Johannesburg High Court Judge Jody Kollapen has shot down the notion that a “judicial dictatorship” is emerging in South Africa.
Kollapen appeared before the Judicial Service Commission (JSC) on Monday to interview for one of two available spots on the Constitutional Court (ConCourt) bench. Asked for his thoughts on the idea that a “judicial dictatorship” was taking hold of the country – a sentiment harboured by former president Jacob Zuma and those within his ranks in recent months and years – Kollapen said he did not believe this to be the case.
“And if that is the perception, it’s unfortunate because judges don’t decide matters based on their own individual idiosyncrasies. We take an oath of office,” he said.
He did say, however, that it was important to debate the topic when and as it arose.
Kollapen is one of seven candidates up for appointment to the country’s apex court this month.
He was among the five candidates recommended for appointment following the JSC’s April interviews but those proceedings have since been scrapped on the back of pressure from various civil society groups which criticised some of the lines of questioning adopted. The interviews are now being redone, with nearly all of the candidates who were previously interviewed – save for KwaZulu-Natal High Court Judge Dhaya Pillay – back in the hot seat again.
Kollapen was the third candidate to face the gauntlet on Monday. During his interview, he was also asked about his time as an acting ConCourt justice, with Kollapen responding that he enjoyed it.
He said it would have been “totally unimaginable” for him when he started out as a young practitioner, during apartheid.
“At a personal level, you’d dress up in the morning to go to court and you’d look in the mirror and reflect and think you are enormously privileged to be able to serve your country,” he said.
Of his judicial philosophy, he said: “As a starting point, for me, the law must be an instrument that achieves and advances justice.”
“I’m quite mindful that the law can quite easily be used as a basis to maintain imbalances in society, as a manner to shield people from scrutiny and the law can be a tool of power in the hands of some,” he added.
Judges Rammaka Mathopo and Fayeeza Kathree-Setiloane – both of whom were recommended in April – were also re-interviewed on Monday.
Speaking about a ruling he penned while acting on the ConCourt bench previously, which now makes the common purpose doctrine applicable to rape, Mathopo said: “I looked at it and I said this can not be right. Rape is a power offence, it’s not only the person who penetrates who is guilty. Actually, there are people around the rapist who are violating the poor woman. And I said they can not be allowed to go scot free.”

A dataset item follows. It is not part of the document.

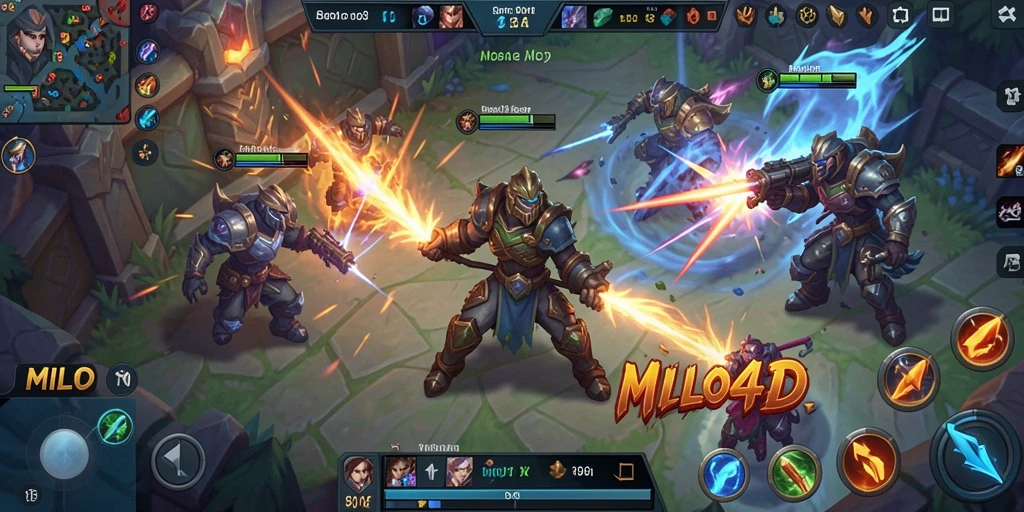 Screenshot utama MILO4D menampilkan aksi seru dalam pertempuran MOBA.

Further asked how he would respond to someone who criticised the judgment, he said: “That person would not be living in South Africa. That person would certainly not have seen or experienced what our women are experiencing and that person’s comment would be an affront to the women in our country.”
Mathopo’s work mentoring female judges was lauded during his interview.
“There is a stereotype among the legal fraternity who believe lawmaking belongs to men and that stereotype needs to be put away,” he said, “We can not sit here and say women are inferior. They are not. They help us and they capacitate the bench.”
Kathree-Setiloane, meanwhile, was asked by Justice Minister Ronald Lamola about a case she presided over involving same-sex marriage and what could be done to tackle the problem of violence inflicted on members of the LGBTQI+ community.
She replied that on a broader level, there had to be education around the rights of these communities.
“That’s the only way there’s going to be full acceptance,” she said, adding that she believed government could do more in this regard and working with civil society and the courts, the issue could be eliminated.